▶ [What to produce] Among the records that follow, set down only the lines from the one containing "schwuler influencer onlyfans" to the one containing "3331 Alta Ln, Murfreesboro, TN", both included, exactly.
--- Exercise material ---
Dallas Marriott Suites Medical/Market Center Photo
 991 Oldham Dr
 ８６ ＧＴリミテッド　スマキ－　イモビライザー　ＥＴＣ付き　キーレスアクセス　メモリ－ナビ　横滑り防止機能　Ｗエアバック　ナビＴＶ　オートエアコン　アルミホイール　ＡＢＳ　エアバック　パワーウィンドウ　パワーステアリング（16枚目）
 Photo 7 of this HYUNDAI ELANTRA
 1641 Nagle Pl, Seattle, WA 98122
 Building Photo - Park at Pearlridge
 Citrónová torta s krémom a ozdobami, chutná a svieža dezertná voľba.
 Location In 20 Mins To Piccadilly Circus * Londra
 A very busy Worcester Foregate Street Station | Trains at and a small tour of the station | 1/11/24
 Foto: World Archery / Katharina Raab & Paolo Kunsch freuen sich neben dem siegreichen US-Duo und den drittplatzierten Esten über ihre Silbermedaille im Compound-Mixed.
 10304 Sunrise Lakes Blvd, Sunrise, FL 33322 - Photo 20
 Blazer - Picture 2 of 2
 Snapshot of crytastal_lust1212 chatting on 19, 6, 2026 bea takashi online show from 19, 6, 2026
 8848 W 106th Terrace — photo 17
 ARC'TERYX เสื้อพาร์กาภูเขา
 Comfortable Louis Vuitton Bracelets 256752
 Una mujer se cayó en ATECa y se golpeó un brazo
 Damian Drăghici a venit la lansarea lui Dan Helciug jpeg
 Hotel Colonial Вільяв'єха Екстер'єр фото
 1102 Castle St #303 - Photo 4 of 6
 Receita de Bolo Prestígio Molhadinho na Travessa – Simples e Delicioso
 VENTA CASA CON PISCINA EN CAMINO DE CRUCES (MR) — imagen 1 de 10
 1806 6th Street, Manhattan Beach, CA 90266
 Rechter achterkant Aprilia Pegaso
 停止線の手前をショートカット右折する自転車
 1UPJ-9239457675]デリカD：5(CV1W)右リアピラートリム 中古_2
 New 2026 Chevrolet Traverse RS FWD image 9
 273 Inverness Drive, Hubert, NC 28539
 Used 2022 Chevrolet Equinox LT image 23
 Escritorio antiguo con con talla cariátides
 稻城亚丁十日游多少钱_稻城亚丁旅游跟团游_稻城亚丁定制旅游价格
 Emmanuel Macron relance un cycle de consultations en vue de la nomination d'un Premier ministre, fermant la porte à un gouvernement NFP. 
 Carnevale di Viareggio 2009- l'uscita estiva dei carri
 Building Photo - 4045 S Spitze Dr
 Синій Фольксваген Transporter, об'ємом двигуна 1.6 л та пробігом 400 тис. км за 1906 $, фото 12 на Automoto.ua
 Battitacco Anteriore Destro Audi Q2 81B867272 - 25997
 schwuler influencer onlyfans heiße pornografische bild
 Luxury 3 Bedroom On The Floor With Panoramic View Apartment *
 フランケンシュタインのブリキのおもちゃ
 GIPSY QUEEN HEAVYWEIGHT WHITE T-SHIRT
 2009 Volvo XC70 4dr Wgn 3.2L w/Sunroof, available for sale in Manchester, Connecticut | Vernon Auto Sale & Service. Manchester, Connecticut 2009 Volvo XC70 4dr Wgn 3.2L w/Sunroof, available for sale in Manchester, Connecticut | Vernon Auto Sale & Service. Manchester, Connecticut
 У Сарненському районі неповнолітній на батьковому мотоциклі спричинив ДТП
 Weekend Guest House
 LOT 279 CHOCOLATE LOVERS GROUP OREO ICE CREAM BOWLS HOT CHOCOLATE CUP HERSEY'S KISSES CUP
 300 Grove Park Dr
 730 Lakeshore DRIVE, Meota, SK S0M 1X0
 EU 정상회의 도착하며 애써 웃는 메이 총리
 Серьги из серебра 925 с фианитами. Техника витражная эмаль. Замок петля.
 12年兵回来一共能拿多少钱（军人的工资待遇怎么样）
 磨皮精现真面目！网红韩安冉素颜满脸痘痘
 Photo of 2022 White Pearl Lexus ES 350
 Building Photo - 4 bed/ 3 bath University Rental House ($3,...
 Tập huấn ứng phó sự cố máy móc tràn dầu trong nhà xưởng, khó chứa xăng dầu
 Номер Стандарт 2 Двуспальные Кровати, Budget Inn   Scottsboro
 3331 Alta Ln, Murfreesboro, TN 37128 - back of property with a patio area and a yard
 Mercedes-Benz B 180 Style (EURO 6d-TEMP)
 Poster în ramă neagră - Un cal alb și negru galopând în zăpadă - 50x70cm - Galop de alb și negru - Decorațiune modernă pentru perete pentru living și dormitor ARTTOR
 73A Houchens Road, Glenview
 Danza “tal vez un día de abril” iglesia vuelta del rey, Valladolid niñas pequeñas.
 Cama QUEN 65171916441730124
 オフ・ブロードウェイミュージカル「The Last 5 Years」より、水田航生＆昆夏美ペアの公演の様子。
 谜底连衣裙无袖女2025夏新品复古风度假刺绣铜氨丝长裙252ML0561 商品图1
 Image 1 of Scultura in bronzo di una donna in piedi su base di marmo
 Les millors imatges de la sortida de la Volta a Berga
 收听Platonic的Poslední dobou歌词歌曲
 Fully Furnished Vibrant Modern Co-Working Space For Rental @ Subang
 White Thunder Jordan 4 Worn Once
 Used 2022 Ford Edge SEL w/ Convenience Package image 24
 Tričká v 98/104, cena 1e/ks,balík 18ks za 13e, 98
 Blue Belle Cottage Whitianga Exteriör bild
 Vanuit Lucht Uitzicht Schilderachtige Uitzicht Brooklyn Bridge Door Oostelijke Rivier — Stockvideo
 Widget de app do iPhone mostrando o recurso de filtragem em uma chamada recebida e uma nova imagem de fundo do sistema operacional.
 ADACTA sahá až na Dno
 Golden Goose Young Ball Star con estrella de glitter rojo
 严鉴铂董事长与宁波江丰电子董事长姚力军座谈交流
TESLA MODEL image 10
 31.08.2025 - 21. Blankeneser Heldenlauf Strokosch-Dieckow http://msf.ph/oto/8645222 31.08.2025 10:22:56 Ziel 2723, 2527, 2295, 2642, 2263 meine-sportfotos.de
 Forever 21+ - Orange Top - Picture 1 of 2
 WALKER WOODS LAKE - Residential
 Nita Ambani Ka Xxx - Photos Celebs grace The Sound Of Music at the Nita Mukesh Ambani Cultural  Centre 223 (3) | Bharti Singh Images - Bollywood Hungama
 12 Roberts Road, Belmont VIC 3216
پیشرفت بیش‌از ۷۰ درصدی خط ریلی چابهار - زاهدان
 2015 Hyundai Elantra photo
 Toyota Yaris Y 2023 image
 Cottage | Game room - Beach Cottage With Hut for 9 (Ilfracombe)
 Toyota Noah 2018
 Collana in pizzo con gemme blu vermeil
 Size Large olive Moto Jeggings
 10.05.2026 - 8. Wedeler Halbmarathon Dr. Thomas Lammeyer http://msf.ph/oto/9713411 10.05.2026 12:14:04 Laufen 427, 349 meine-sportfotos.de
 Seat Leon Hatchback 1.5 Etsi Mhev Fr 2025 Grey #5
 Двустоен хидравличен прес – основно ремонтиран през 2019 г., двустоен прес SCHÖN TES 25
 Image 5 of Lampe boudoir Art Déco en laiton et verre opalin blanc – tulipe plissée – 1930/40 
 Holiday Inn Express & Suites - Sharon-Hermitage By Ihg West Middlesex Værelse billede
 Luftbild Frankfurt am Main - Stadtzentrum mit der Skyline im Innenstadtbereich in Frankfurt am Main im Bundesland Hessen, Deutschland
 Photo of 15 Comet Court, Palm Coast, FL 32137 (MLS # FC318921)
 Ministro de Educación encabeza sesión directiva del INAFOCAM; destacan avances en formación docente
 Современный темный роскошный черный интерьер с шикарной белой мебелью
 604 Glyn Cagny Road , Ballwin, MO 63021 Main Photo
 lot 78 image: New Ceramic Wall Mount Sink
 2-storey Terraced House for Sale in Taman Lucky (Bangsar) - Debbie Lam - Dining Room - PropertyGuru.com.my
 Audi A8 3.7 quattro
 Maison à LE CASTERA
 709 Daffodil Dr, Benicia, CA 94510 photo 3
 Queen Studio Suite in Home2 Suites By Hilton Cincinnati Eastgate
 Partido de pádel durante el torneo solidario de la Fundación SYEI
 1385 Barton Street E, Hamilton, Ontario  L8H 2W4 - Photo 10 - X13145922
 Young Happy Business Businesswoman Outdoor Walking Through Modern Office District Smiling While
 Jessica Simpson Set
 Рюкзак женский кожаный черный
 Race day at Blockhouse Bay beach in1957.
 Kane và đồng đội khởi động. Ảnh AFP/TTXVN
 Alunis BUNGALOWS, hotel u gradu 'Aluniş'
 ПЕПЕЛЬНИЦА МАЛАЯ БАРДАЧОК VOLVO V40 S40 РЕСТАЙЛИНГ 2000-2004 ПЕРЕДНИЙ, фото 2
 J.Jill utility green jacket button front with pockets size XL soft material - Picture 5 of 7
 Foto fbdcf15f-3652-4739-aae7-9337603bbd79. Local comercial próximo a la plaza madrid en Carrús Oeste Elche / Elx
---
▶ [Task solution]
 schwuler influencer onlyfans heiße pornografische bild
 Luxury 3 Bedroom On The Floor With Panoramic View Apartment *
 フランケンシュタインのブリキのおもちゃ
 GIPSY QUEEN HEAVYWEIGHT WHITE T-SHIRT
 2009 Volvo XC70 4dr Wgn 3.2L w/Sunroof, available for sale in Manchester, Connecticut | Vernon Auto Sale & Service. Manchester, Connecticut 2009 Volvo XC70 4dr Wgn 3.2L w/Sunroof, available for sale in Manchester, Connecticut | Vernon Auto Sale & Service. Manchester, Connecticut
 У Сарненському районі неповнолітній на батьковому мотоциклі спричинив ДТП
 Weekend Guest House
 LOT 279 CHOCOLATE LOVERS GROUP OREO ICE CREAM BOWLS HOT CHOCOLATE CUP HERSEY'S KISSES CUP
 300 Grove Park Dr
 730 Lakeshore DRIVE, Meota, SK S0M 1X0
 EU 정상회의 도착하며 애써 웃는 메이 총리
 Серьги из серебра 925 с фианитами. Техника витражная эмаль. Замок петля.
 12年兵回来一共能拿多少钱（军人的工资待遇怎么样）
 磨皮精现真面目！网红韩安冉素颜满脸痘痘
 Photo of 2022 White Pearl Lexus ES 350
 Building Photo - 4 bed/ 3 bath University Rental House ($3,...
 Tập huấn ứng phó sự cố máy móc tràn dầu trong nhà xưởng, khó chứa xăng dầu
 Номер Стандарт 2 Двуспальные Кровати, Budget Inn   Scottsboro
 3331 Alta Ln, Murfreesboro, TN 37128 - back of property with a patio area and a yard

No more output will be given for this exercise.